Murder stalks a wartime Kentish hospital in Brand’s masterpiece, a welcome reprint from 1944.
A year after postman Joseph Higgins delivers letters from seven citizens accepting positions at Heron’s Park Military Hospital, an air raid leaves him with a broken leg, and he’s brought to the hospital, where all seven of the correspondents are now working. Harley Street surgeon Gervase Eden, aging Maj. Moon, and Capt. Barnes are physicians; Jane Woods, Esther Sanson, Frederica Linley, and Sister Marion Bates are nurses. Even though Higgins’ injury is straightforward, he somehow dies of asphyxia during his routine surgery. Summoned from Torrington, DI Cockrill disconcerts the staff by pointing out that since only seven people knew that Higgins had even been admitted to the hospital—the same seven whose letters he had delivered—his murderer must have been one of those seven, a pool of suspects that a second murder soon shrinks to six.
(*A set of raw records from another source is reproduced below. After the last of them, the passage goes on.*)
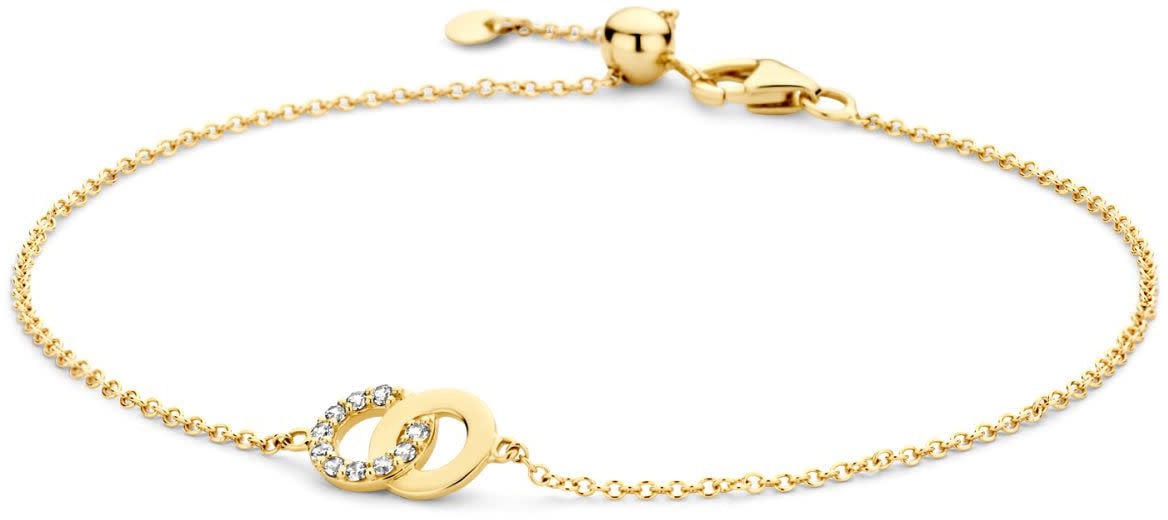 Blush Blush Armband 2223YZI 14k Geelgoud met 2x Cirkels met Briljant geslepen Zirkonia 18cm Goud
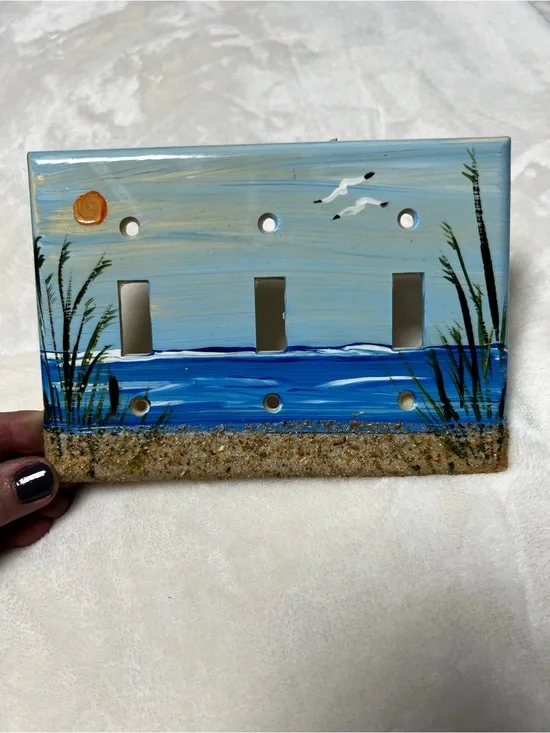 Hand-Painted Coastal Triple Light Switch Cover - Blue Beach Design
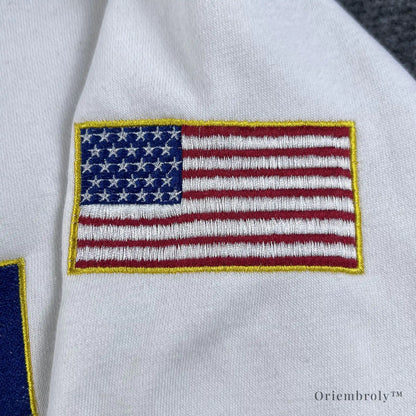 STEM-core fashion staple: white quarter-zip with science and space-themed embroidered patches. Popular choice for science teachers and university students in engineering fields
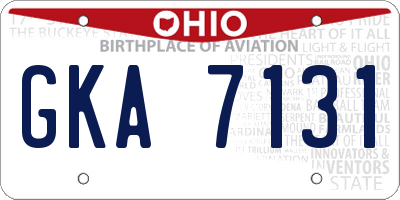 OH license plate GKA7131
Brand (1907-88) adroitly evokes the wartime atmosphere of the hospital: the stiff-upper-lip sangfroid, the black humor, the flirtations that blossom overnight into unlikely romance. Her leading characters, appealing on their own terms, double surprisingly well as intermittently guilty-looking suspects. Most impressive of all is her equal attention to the mysteries of who killed Joseph Higgins, how they managed his murder, and why they wanted him dead in the first place. Even the savviest fans of golden-age puzzles should prepare to be hornswoggled.
Hands down one of the best formal detective stories ever written. It’s a treat to have it back in print.